What’s step-up authentication?

Step-up authentication enhances your approval workflows by requiring approvers to re-authenticate with stronger verification before they can approve sensitive requests. Instead of relying solely on a user’s initial session, C1 issues a fresh authentication challenge at the moment of approval, creating a clear security boundary and audit trail for critical actions. The flow works like this:
  1. Users authenticate normally to access C1
  2. When attempting to approve sensitive requests, users are redirected to your identity provider
  3. The identity provider verifies the user with the required authentication factors (such as MFA)
  4. Upon verification, the approval is processed with an audit trail of the enhanced authentication
C1 implements the RFC 9470 OAuth 2.0 Step Up Authentication Challenge Protocol, which means each approval requiring step-up authentication generates a new authentication challenge. In other words, authentication state isn’t cached between approvals.

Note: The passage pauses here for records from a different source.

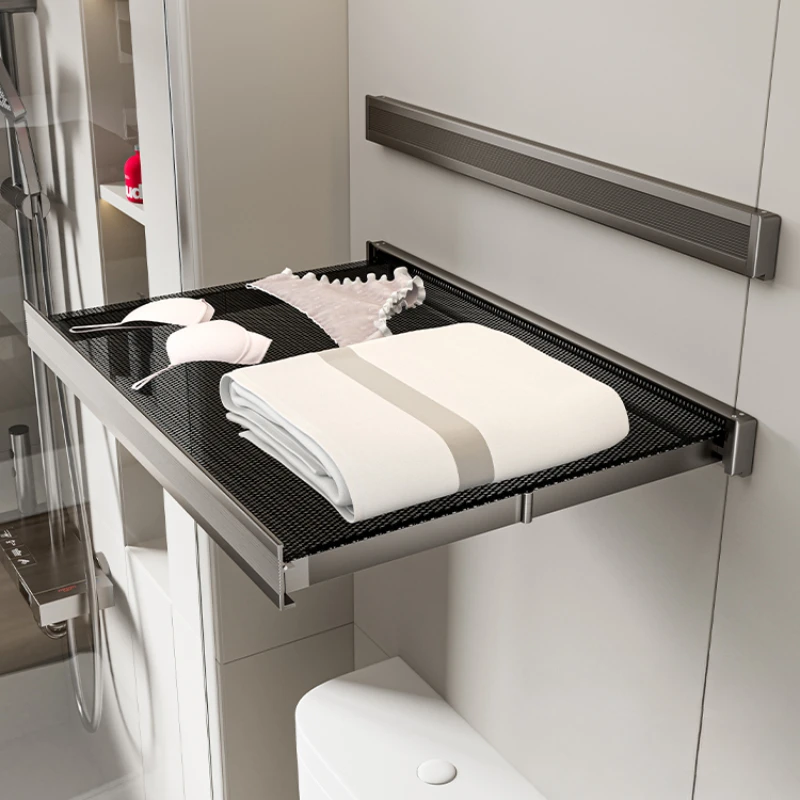 Невидимая Складная Выдвижная вешалка для банных полотенец аксессуары дома полка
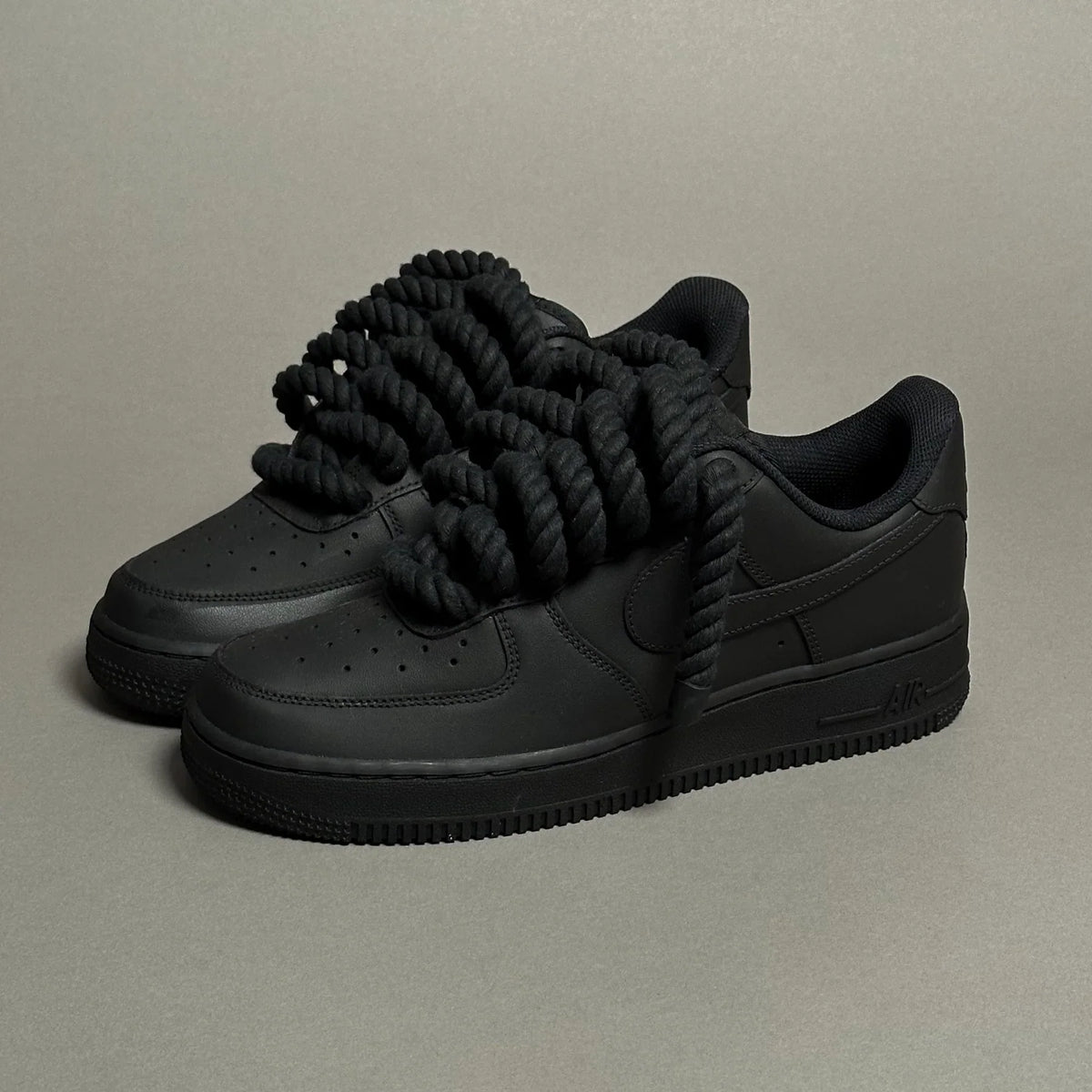 AIR F ROPE Laces 1 - Preto- (CADARÇO PRETO)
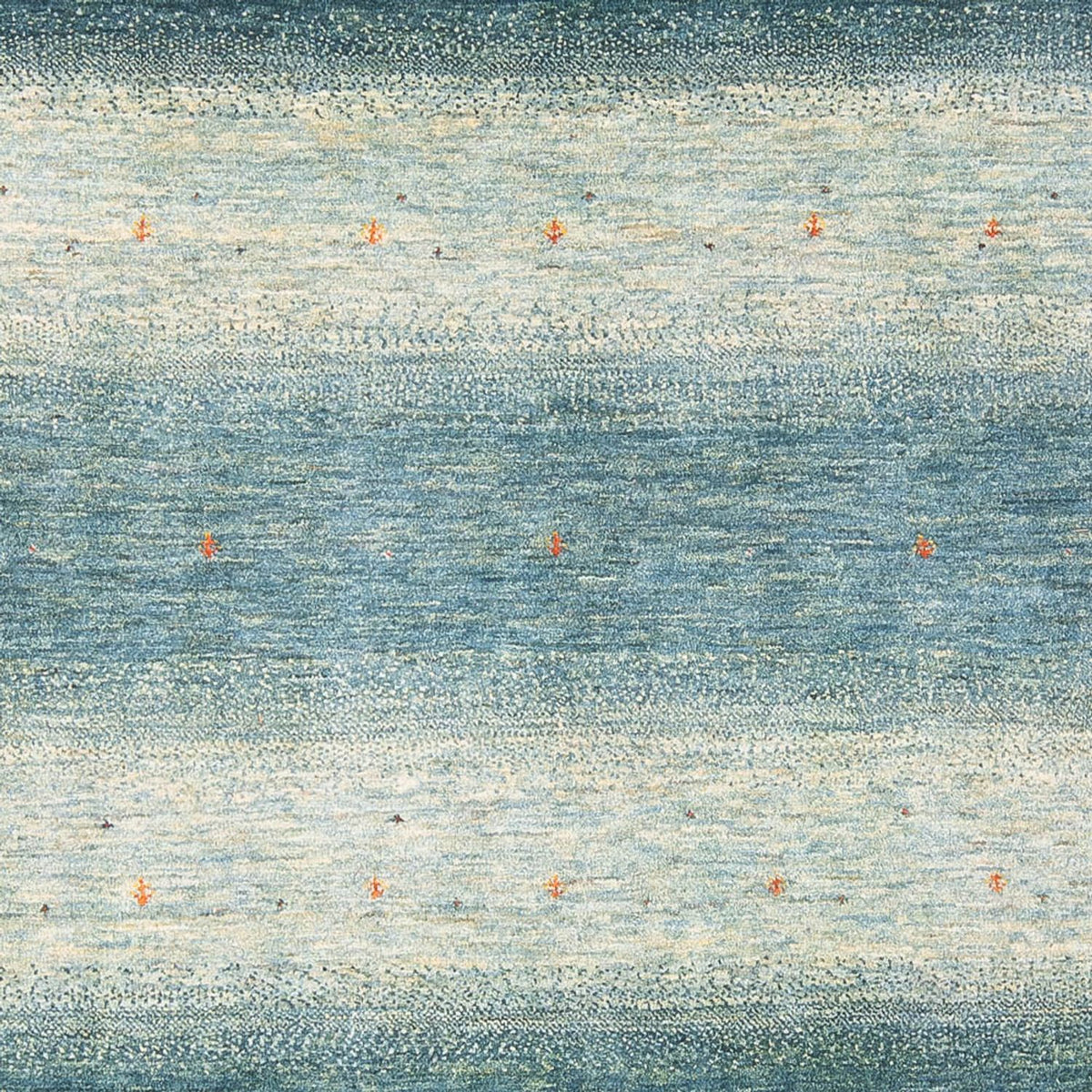 Dywan Gabbeh - Loribaft Perski - 250 x 168 cm - jasnoniebieski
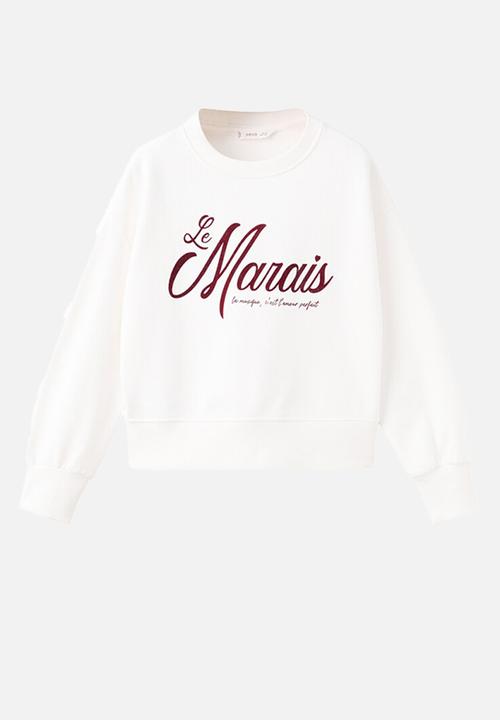 MANGO - Sweatshirt VIVRE - Natural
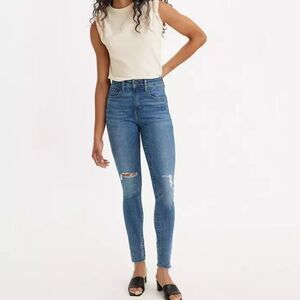 Levi's Womens 721 Vintage High Rise Skinny Distressed NWT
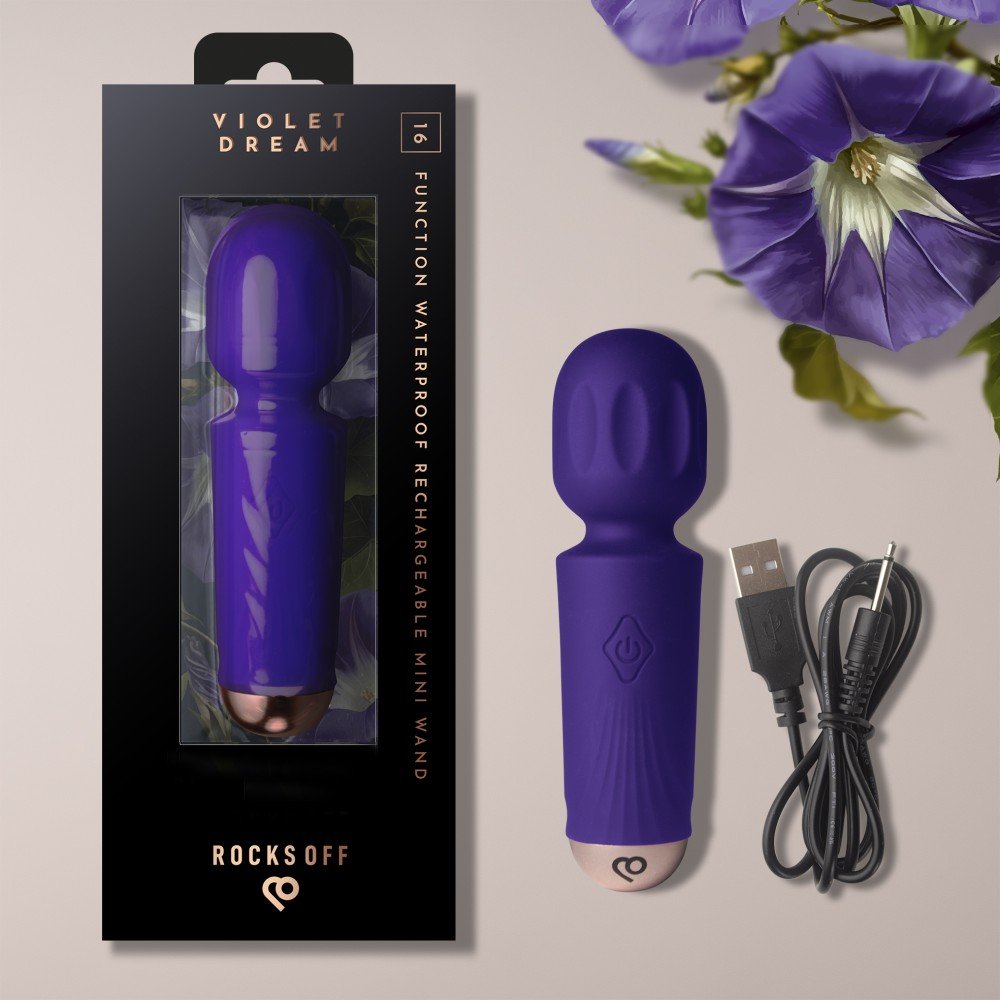 Rechargeable Mini Wand - Violet Dream - Image 6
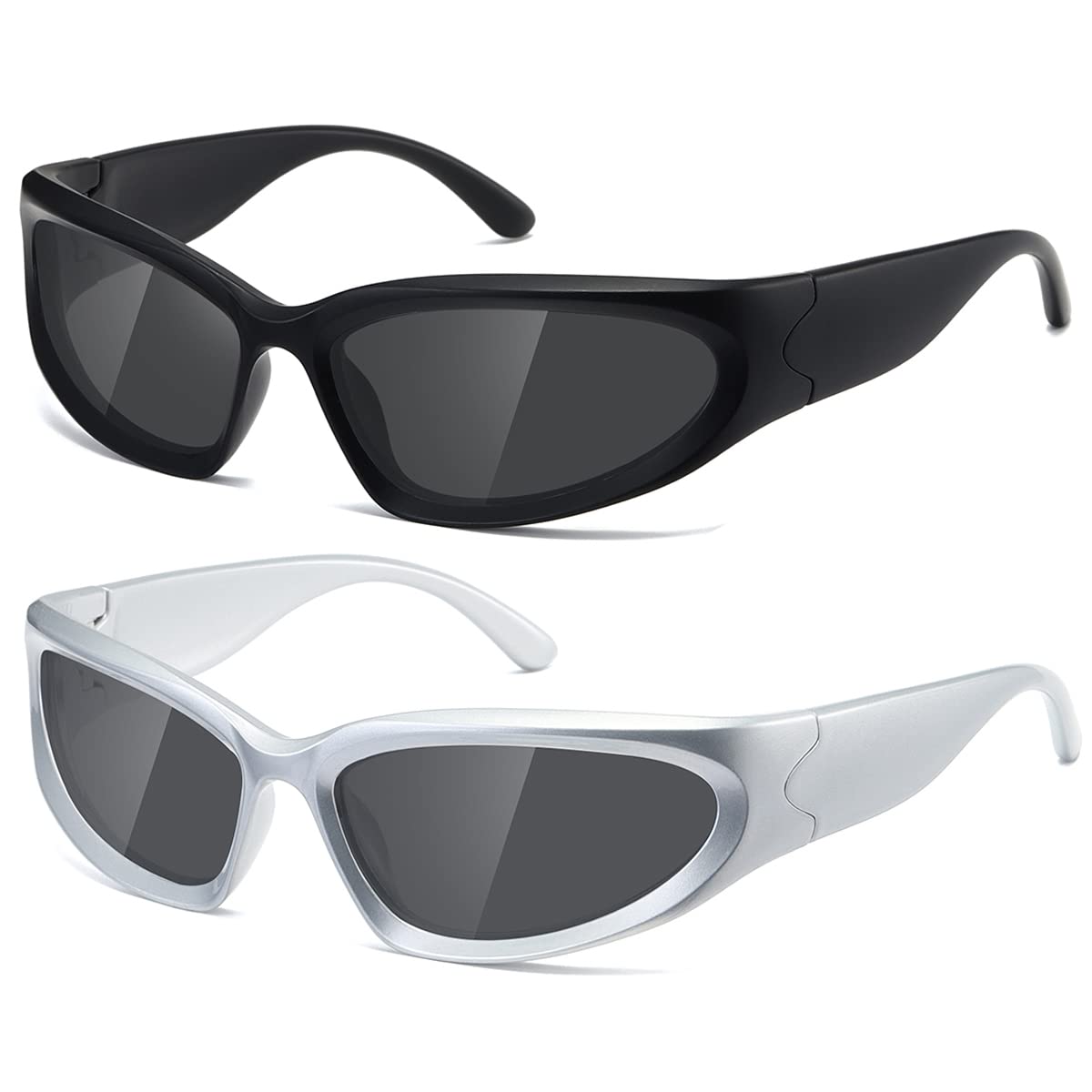 kimorn Y2K Wrap Around Polarized Sunglasses Womens men Swift Oval Fashion Sport Shades Sun Glasses K1273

When to use step-up authentication

Consider enabling step-up authentication for approval workflows involving:
  • Administrative access (system admin, database admin roles)
  • Production environment access
  • Customer data access
  • Financial systems access
  • Critical infrastructure changes
  • Privileged role assignments

Before you begin

Confirm that you have:
  • The Super Administrator role in C1
  • Administrator access to your identity provider (Okta or Microsoft Entra)
  • The ability to create OAuth applications in your identity provider
  • Microsoft Entra only: Microsoft Entra ID P1 or P2 license if using Conditional Access for MFA

Add a step-up authentication provider

Step-up authentication is currently not supported for approvals made through Slack, Teams, or the cone CLI.
C1 supports two provider types:
  • OAuth2 providers (RFC 9470 compliant): Okta and other compliant providers
  • Microsoft Entra: Uses Conditional Access policies or authentication contexts

Okta integration guide

Configure Okta to act as your step-up authentication provider by creating a dedicated app integration and setting up the appropriate authentication policies.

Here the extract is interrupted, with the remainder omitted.